5. Gender Mainstreaming und Gender Budgeting müssen im Umweltbereich konsequenter umgesetzt werden. Bestehende klima- und umweltwirksame Politik muss systematisch auf Geschlechtergerechtigkeit geprüft und falls nötig angepasst werden. Bei zukünftigen Entscheidungen im Zusammenhang mit Klimaschutz müssen Analysemethoden zu Genderaspekten wie Gender Impact Assessment, sozio-ökonomische Szenario-Analysen und Expert*innenbefragungen verpflichtend werden. Es müssen effektive Kontroll- und Sanktionsmechanismen eingeführt werden. Das Controlling muss von einer unabhängigen Stelle durchgeführt werden. Sämtliche Verwaltungsmitarbeiter*innen müssen langfristig und fortwährend geschult werden. Bei Beteiligungsprozessen ist darauf zu achten, dass durch entsprechende Ansprache und Einbindung alle Geschlechter eingebunden werden.

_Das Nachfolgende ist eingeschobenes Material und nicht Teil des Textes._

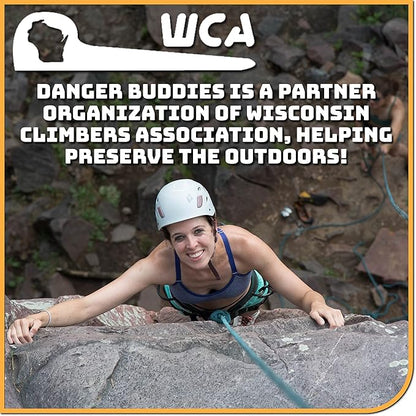 Danger Buddies Liquid Chalk for Rock Climbing, Weight Lifting, Gymnastics & More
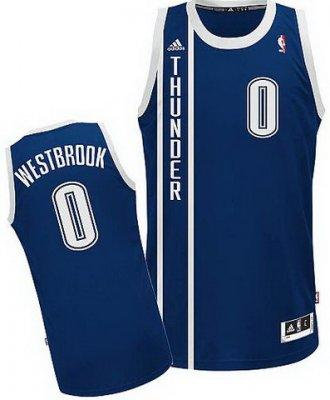 Oklahoma City Thunder #0 Russell Westbrook Blue Revolution 30 Swingman NBA Jerseys Oklahoma City Thunder #0 Russell Westbrook Blue Revolution 30 Swingman NBA Jerseys
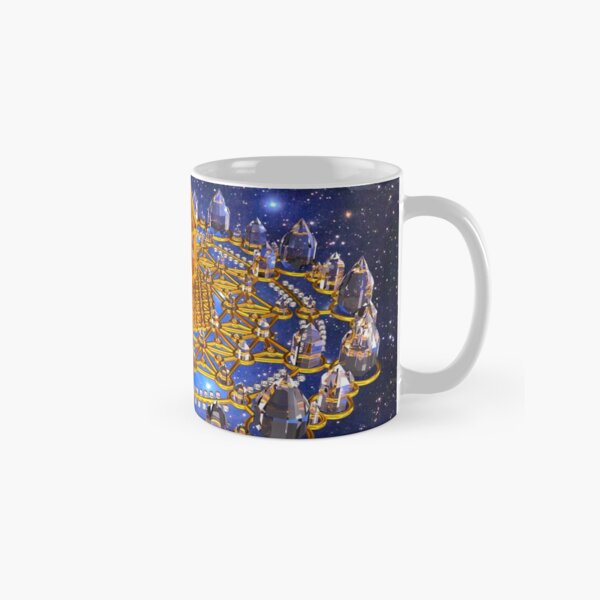 Merkaba Matrix Stargate Grid Classic Mug
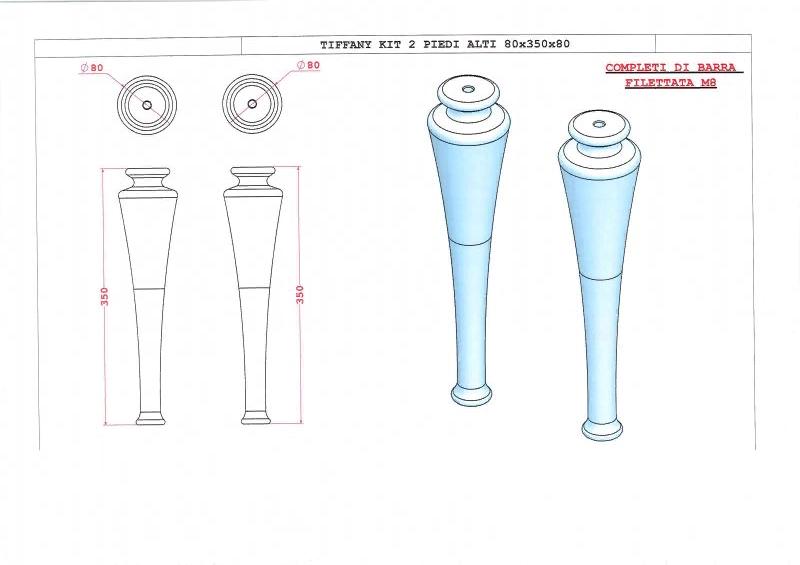 Мебель для ванной Cezares TIFFANY 75 Blu Petrolio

6. Auf allen politischen Ebenen setzen wir uns für eine konsequente Einpreisung von umwelt- und klimaschädlichem Verhalten sowie die Abschaffung umwelt- und klimaschädlicher Subventionen ein. Dazu gehören zuvorderst die Einführung einer angemessenen CO2-Steuer auf Bundesebene für die wir uns aus Berlin einsetzen und eine Prüfung von Subventionen des Landes Berlin auf ihre Geschlechtergerechtigkeit.

7. Umwelt- und klimaschonendes Verhalten soll verstärkt gefördert werden. Beispiele hierfür sind die Förderung von Unternehmensmodellen wie Second Hand und Wiederverwertung, die Förderung von energiesparendem Verhalten, klimaschonender Ernährung und Mobilitätsverhalten sowie eine Ausweitung von städtischen Angeboten an Share Produkten.

8.  Das Land Berlin soll sich zu seiner Mitverantwortung für die Klimakrise bekennen. Deshalb soll Berlin auf allen Ebenen – im Bundesrat wie auch in den europäischen Städtenetzwerken, in denen Berlin Mitglied ist – dafür werben, dass die EU den Bewohner*innen von Inselstaaten, die durch die Klimakrise unbewohnbar werden, Klimapässe anbieten soll. Als ersten Schritt soll Berlin als europäische Metropole betroffene Frauen* von den Inselstaaten zu einer Konferenz einladen, um so Handlungsdruck auf die Bundespolitik und die europäische Ebene aufzubauen.